同国へのFDIは月間ベースで減少を続けており、減少期間は2009年以降で最長となっている。
ただ、国連貿易開発会議(UNCTAD) の調べによると、2007年以降の対中FDIは総額6250億ドルに達する見通し。この間、輸出企業の利益率は元高の影響で25%低下している。
海外企業の進出先をめぐっては、中国から東南アジアへのシフトが進むとの見方が以前から出ているが、2007─11年のベトナム、バングラデシュ、インドネシア、タイへのFDIは、総額1416億ドルに過ぎない。
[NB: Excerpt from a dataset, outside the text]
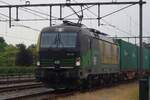 Vom hinter den Gitter: am 22 Juni 2023 treft LTE 193 740  KOMMT ZUM ZUG  mit der Erant-Containerzug in Oss ein.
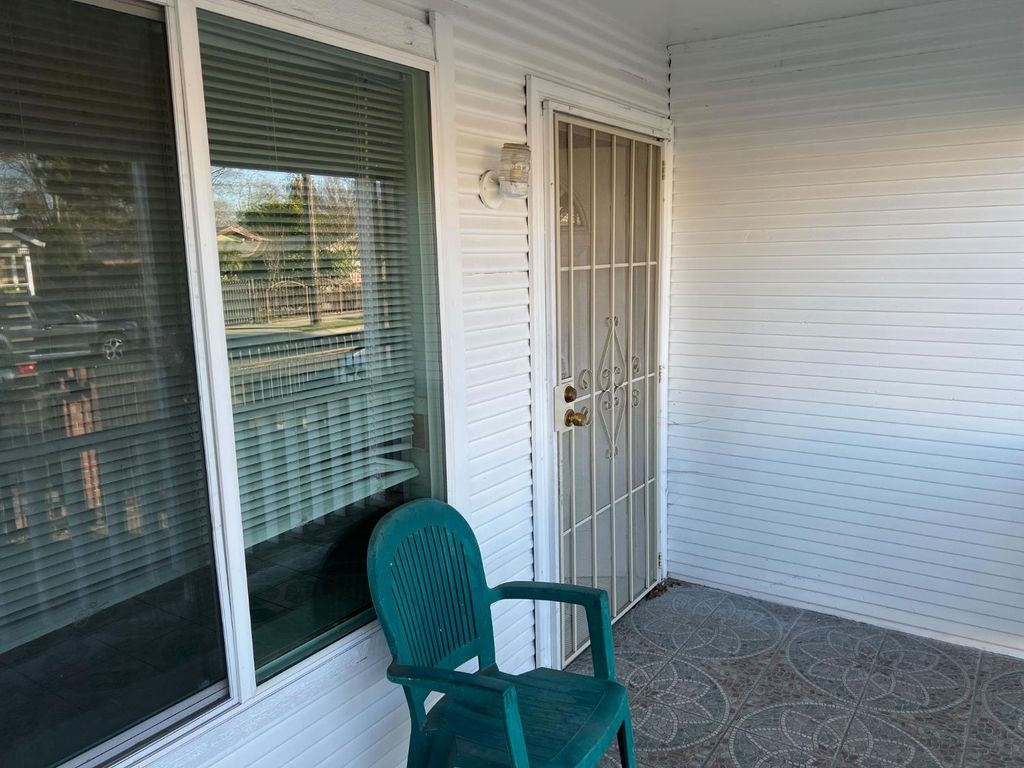 Photo of 4740 14th Avenue, Sacramento, CA 95820 (MLS # 226004494)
対中投資が衰えない背景には「低コスト生産」から「高付加価値生産」へ、「不安定な外需頼み」から「国内の新たな消費市場」への移行が着実に進んでいることがある。
<政府の戦略に合致>
ロイヤル・バンク・オブ・スコットランド(香港)の中国担当チーフエコノミスト、ルイス・クイジズ氏はロイターに「これまでのところ、中国の競争力は脅やかされていない。影響を受けているのは、製造業の最下層企業だ」と指摘。「今の流れは、付加価値を高め、産業構造を強化するという政府の戦略にも合致している」と述べた。
政府は昨年12月に公表したFDIの指針で、先進製造業やサービス業(物流、研究開発、高等教育、職業訓練など)へのFDIを増やす目標を掲げている。
商務省・国際貿易経済合作研究院のシニアエコノミスト、李雨時氏は「政府は低価格志向の製造業へのFDIをもう奨励していない。推奨しているのは、グローバルに付加価値を高め、利益をあげられる企業への投資だけだ」と述べた。
<サプライチェーン、インフラが充実>
中国は、サプライチェーンやインフラが比較的整っており、海外企業の進出先として群を抜いている。
LGイノテック(山東省)のマネジメントディレクター、パク・ジョン・ホー氏は「すぐ近くに多数の部品工場があり、物流費を抑えられる」と指摘。「人件費だけを考えれば東南アジアに行く。ここにいるのは人件費のためではない」と語る。
政府統計によると、中国の最低賃金は現在、月870元(139ドル)─1500元。ベトナムは105万ドン(50ドル)だ。
1─10月の対中FDIは前年同期比3.45%減。2002─2011年は年平均9.2%増で、FDI総額は1兆2000億ドルに達していた。
シティグループ(香港)の中国担当エコノミスト、沈明高氏は「中国の製造業は設備過剰で、投資機会は限られている」と指摘。「中国経済が今後10年間、6─8%の成長を維持すると確信が持てれば、中国は魅力的な市場と言えるだろう。ただ、今後はサービス業や消費の拡大、産業の高度化といった構造変化が起きるはずだ」と述べた。
<サービス業が逆転>
構造変化はすでに起きている。
政府統計によると、1─10月のサービス業へのFDIは437億ドル、製造業へのFDIは404億ドルだ。サービス業へのFDIは、昨年初めて製造業を逆転した。
世界銀行の統計によると、中国の国内総生産(GDP)に占めるサービス業の比率は昨年時点で43.3%。先進国の60─70%を大きく下回るが、それでも製造業の46.6%と肩を並べる水準に成長している。
政府は、サービス業の比率を2015年までにGDPの47%に引き上げたい考えだ。
<内陸部へのFDIも増加>
一方で、海外企業は、人件費の安い内陸部への進出も進めている。
電子機器受託生産大手の鴻海科技集団(フォックスコン・テクノロジー・グループ)は、河南省、山西省などの内陸部に主力工場を移した。山西省だけで8万人近くを雇用している。
1─10月の対中FDIのうち、中部6省(河南、湖南、湖北、安徽、江西、山西)へのFDIは前年同期比19.4%増の78億ドル。全体の8.5%を占めた。
東部沿岸省(広東、江蘇、浙江、山東)へのFDIは6.1%減。ただ、投資額は768億ドルと、全体の84%を占めており、海外企業が依然として実績のある沿岸部を選好していることがわかる。
ソシエテ・ジェネラル(香港)の中国担当チーフエコノミスト、ヤオ・ウェイ氏は「2つの傾向が同時進行で進んでいる。企業はコストとメリットを天秤にかけているようだ」と指摘。「ただ、誰もが中国を潜在的な消費者市場として考えている。その意味では、まず中国内陸部に進出するのは理にかなっている」と述べた。